LinkedIn discussion groups are great. A few months ago, I posted the following question to the User Experience group: "What would you say is the single most important factor in creating a well-designed product, website, or app?" I expanded a bit on the question with "Many factors determine the likelihood of a product, website, or app having a great design. I'm interested in learning what you, as a user experience design professional, believe is the single most important factor influencing the likelihood of delivering a product, website, or app with a great design."
There are now over 150 comments and I encourage you to read the insightful individual comments by going to the LinkedIn User Experience Group. However, I thought I would summarize the key insights from the discussion here.
Many of the comments were rich in detail and often commentaries on previous comments. For the purposes of this summary, I captured the essence of the comment with a few words and then created the Wordle shown above which illustrates with increasing font size the frequency of the items being mentioned.
The cluster of items mentioned most often is made up of user goals, empathy, and user testing. The second most important cluster includes user and business goals and understanding the problem. That's followed by a cluster of simplicity, elegance, and collaboration. The remaining many items were only mentioned by few professionals.
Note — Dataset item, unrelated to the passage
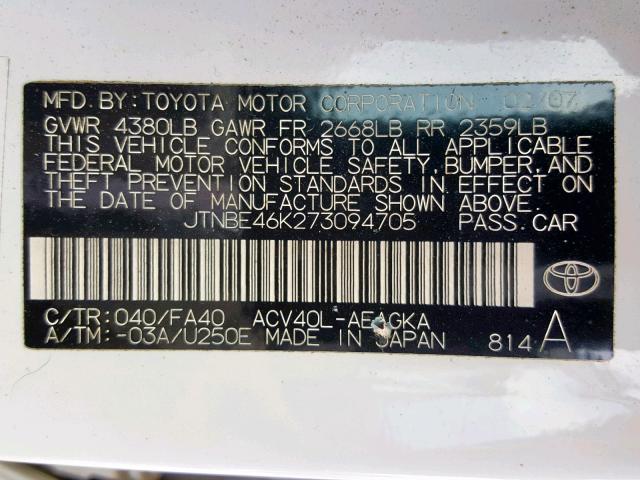 JTNBE46K273094705 - 2007 TOYOTA CAMRY NEW WHITE photo 10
Even though each person was asked to identify the single most important factor to them, which many found difficult, this collection paints a comprehensive picture of professional design experience. It reinforces the importance of connecting with the intended users, determining their goals through empathizing with them and understanding the problems they're experiencing, also factoring in business goals, making sure that designs are simple and elegant, collaborating with team members, and testing designs with users.
It's interesting to note that items like ease of use, usable, useful, consistent were only mentioned by a few suggesting, in my view, that most professional designers now believe that focusing on the main items in the Wordle will yield these basic attributes and go well beyond them.
While any one designer may not take this comprehensive view, the collective wisdom of this crowd of professional designers articulates well in my view the most important factors to address in order to create a great design. However, as pointed out in my "The State of Design Practice" post earlier on this blog, many designers know that these are the most important things to do but are not able to do them due to a number of challenges they experience in the organizations within which they work. Addressing those challenges and then focusing on the items identified here should be the goal of every professional designer and design organization.
I'd like to thank the members of the User Experience LinkedIn group for their insightful and articulate contributions to this important discussion.